To investigate the impact of negative sampling rate on addressing the FN problem in the distant supervision DocRE task, we conducted experiments under both low and high threshold conditions in NLI filtering, with negative sampling rates ranging from 0.01 to 0.1. The results, as shown in Fig. 4, revealed that lower negative sampling rates led to better performance in both scenarios, indicating the effectiveness of negative sampling in reducing the risk of training the model with FN samples.

We observed that the performance of the model was more sensitive to the negative sampling rate in the high threshold scenario compared to the low threshold scenario. This finding indicates that negative sampling is particularly effective in scenarios where the incomplete labeling problem is more severe, thus highlighting the potential of our proposed sampling method in addressing the FN problem in distant supervision DocRE models. This insight can guide future research in this area.

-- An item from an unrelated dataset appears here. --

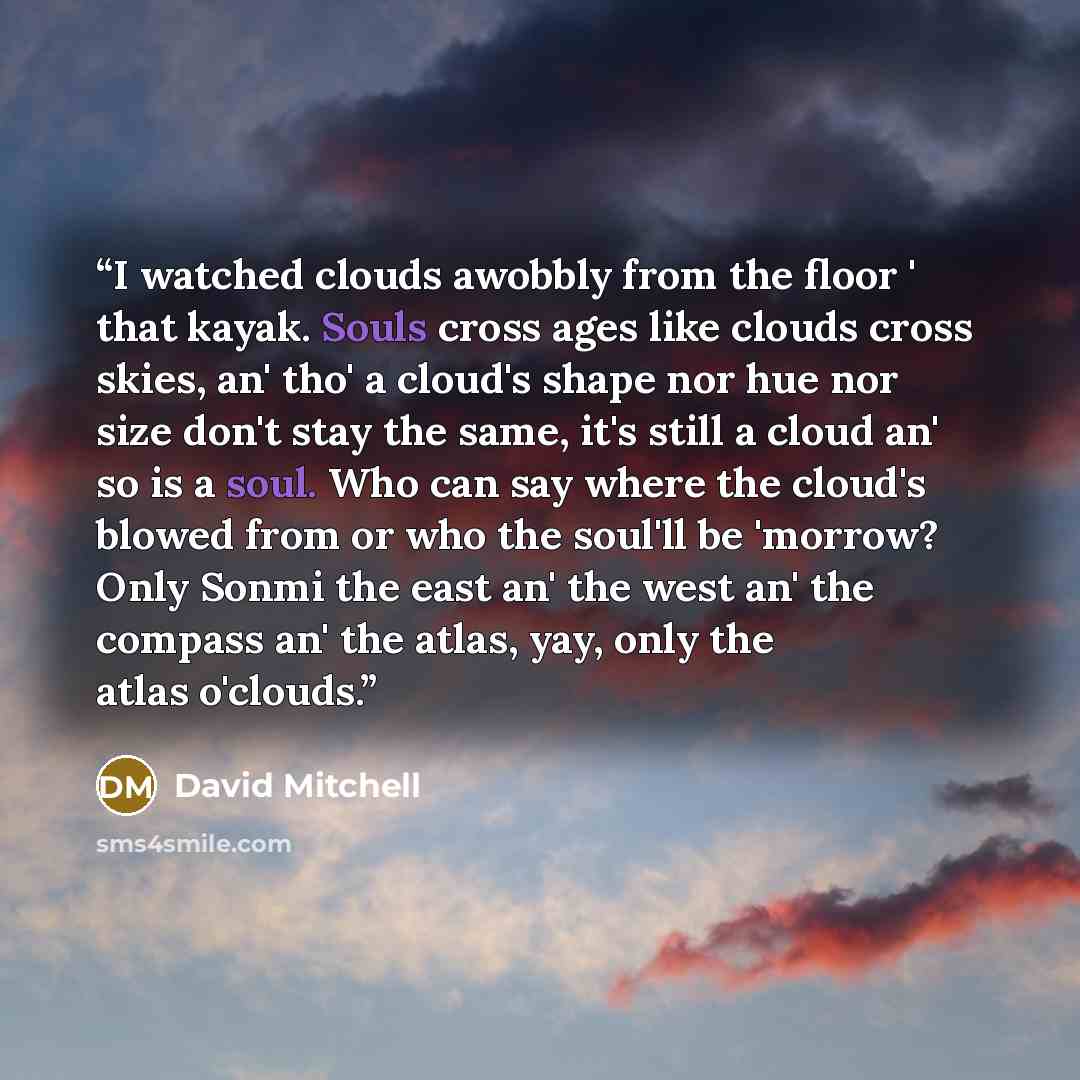 “I watched clouds awobbly from the floor ' that kayak. Souls cross ages like clouds cross skies, an' tho' a cloud's shape nor hue nor size don't stay the same, it's still a cloud an' so is a soul. Who can say where the cloud's blowed from or who the soul'll be 'morrow? Only Sonmi the east an' the…” quote by David Mitchell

6 Conclusion and Future Work

The aim of this work was to address the issue of expensive human annotation in DocRE tasks by introducing DS learning. During the training of DocRE models, we noticed the potential bottleneck in performance caused by false negatives, as well as the severe FP problem introduced by DS. To address these issues, we proposed a method that improves the performance of DocRE models by combining NLI as a pre-filter to remove most false positive samples and negative sampling to solve the severe FN problem in the filtered DS dataset. Our experiments demonstrated that our model significantly outperforms baseline models under complete DS learning, with a performance improvement of 15.83 F1 points over the ATLOP and 10.34 F1 points over the SSR-PU.

In addition, we observed that different sampling methods have a significant impact on addressing incomplete labeling problem. In this work, we used two simple sampling methods based on random uniform sampling, there is still much room for improvement in this area. Future work can explore more effective sampling methods that can further enhance the training performance of our model. Furthermore, developing more robust and accurate NLI models is also a potential research avenue.